情報感度を高く備える時代
ひとたびリスクに直面した時の対応について、組織論に詳しい専門家は、「レピュテーションリスクの特徴として、従来の対応が必ずしも通用しないことが挙げられる。多くの場合SNSが介在しているため、一般人の感情的な反応が大きく影響し、たとえ正論でも理屈や言い訳がかえって裏目に出るケースがある。したがって一般消費者の目線に立って、迅速かつ誠意を感じさせる対応が必要となる」と指摘する。
さらに「企業が不利益を最小限に抑えるには、情報を小出しにしたり、世論の後追いで対応を変えたりするのではなく、むしろ先手を打つくらい迅速に、抜本的な対策をとることが望ましい。

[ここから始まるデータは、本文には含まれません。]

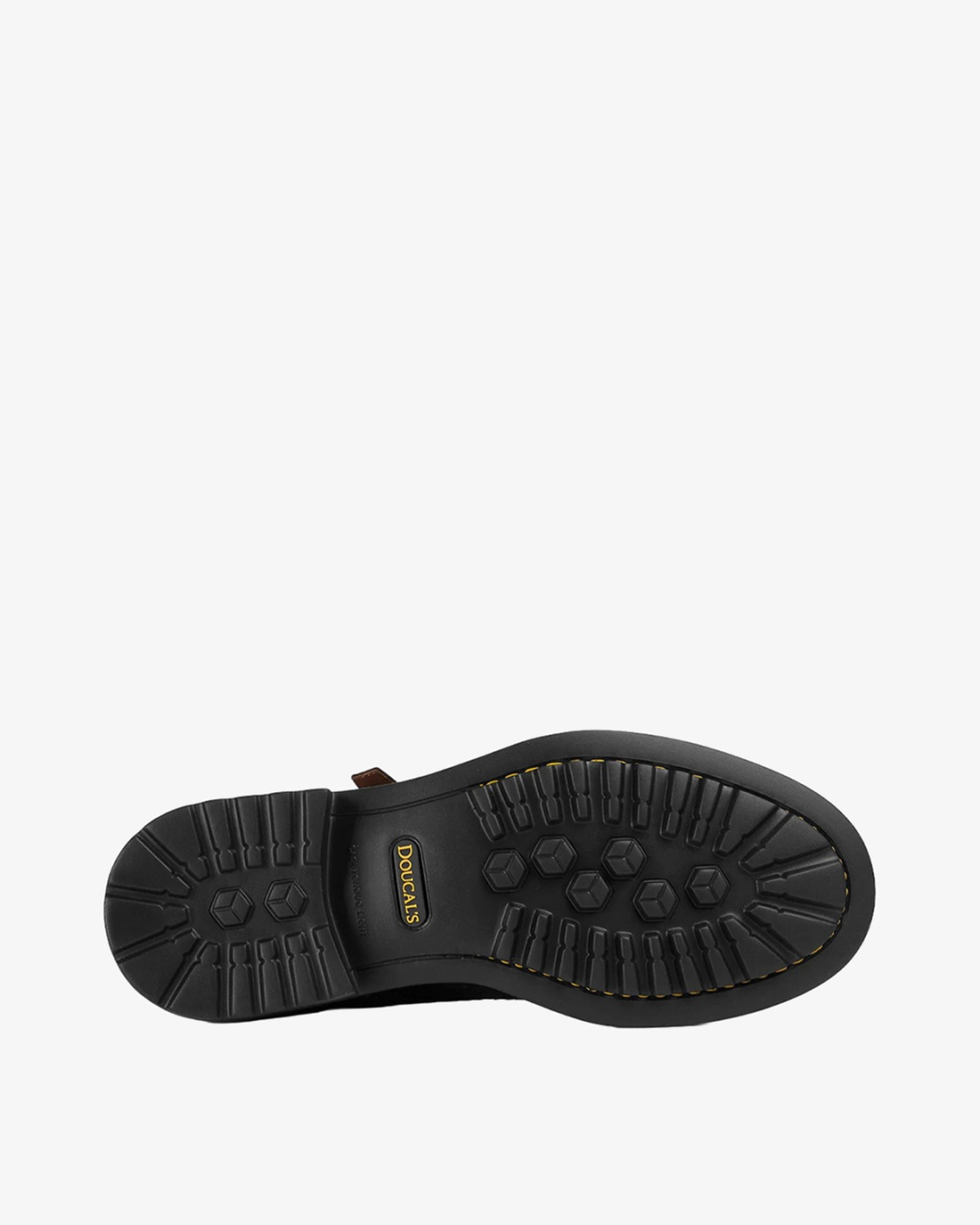 DOUCAL'S Cipele DU3567HENRUF188NL01 SLIP ON (GM) TRIUMPH BURGUNDY+F.DO NERO/JZ26 — foto 4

対策を講じるのに時間がかかる場合にも、謝罪したうえで対策を講じる予告をしておくべきだ」とも強調する。
では、企業がレピュテーションリスクを避けるにはどうすればよいのか。まず企業に必要になるのは、当然ながら、自社が提供する製品やサービスの品質や安全性を維持し、顧客との信頼関係を保つことである。従業員の良好な労働環境を確保し、経営層の意識改革も進めることが重要だ。
ビジネスは社会情勢の変化に影響を受け、自社の評判が危機に直面する可能性が常にあることを意識することも不可欠である。法令順守の徹底や、業務内容の定期的な点検など現代の企業に求められることは多く、情報感度を高くして備える時代になっていることを企業人それぞれが自覚すべきである。